Dice Ximénez Sandoval: “La inmensa mayoría de los
cientos de millones de hablantes de español que hay en el mundo no pronuncian
el sonido castellano de la zeta. Es decir, ese zumbido fricativo que uso yo,
que soy de Madrid, al decir Zócalo o San Francisco. Cuando he estado en esos
lugares es cuando me he dado cuenta de que hablo muy raro. Ni les cuento la
cara que pone todo el mundo en Los Ángeles cuando oyen el nombre de la ciudad
pronunciando el sonido jota bien fuerte. En México están más acostumbrados, pero
no deja de ser una verdadera rareza. Si tienen la oportunidad en la vida de
viajar por América, no la dejen pasar. Es una experiencia aleccionadora y un
verdadero baño de humildad para un castellano. ¿Quién es el que habla español
raro? ¿Toda esta gente? ¿O yo? A mí me quedó clarísimo en mis años allí quién
era la minoría”.
En realidad no importa quién constituye la mayoría y
quién la minoría en términos de acento, pues ninguno vale más o menos en comparación
con los demás. ¿O acaso podemos pensar que el puertorriqueño es mejor que el
chileno? ¿O que el uruguayo es mejor que el andaluz? ¿O que el sinaloense es
mejor que el yucateco?
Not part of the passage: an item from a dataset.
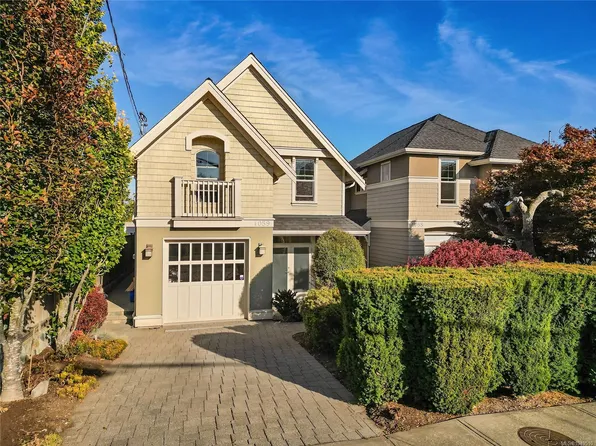 1059 Clare St, Victoria, BC V8S 4B5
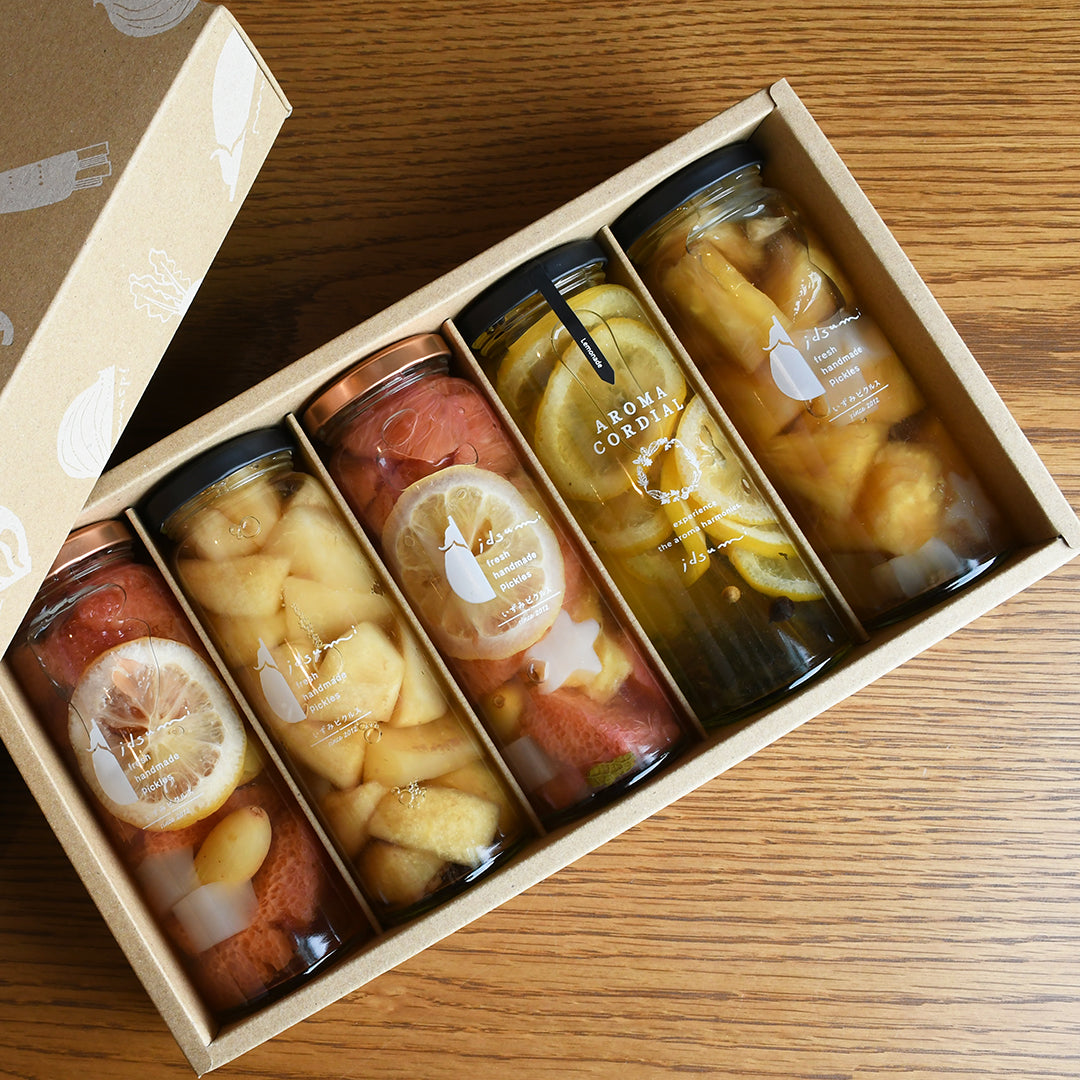 【送料込み！母の日ギフトセット 2026】 いつも輝くお母さんへ美容・健康におすすめフルーツ５本セット（ギフトボックス・母の日カード付き）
Más entrañable y peculiarizante quizá que los modismos,
el acento es uno de los más sabrosos dividendos de la dispersión del español, y
es indudable que todos tenemos uno.
También, que todos podemos gozar del habla lejana. Yo
tengo mis favoritos nacionales e internacionales, que no mencionaré, pero
entiendo que es un asunto de mero y muy subjetivo gusto. Todos los acentos, insisto,
valen igual: son la cara sonora de nuestra espléndida herramienta, el español.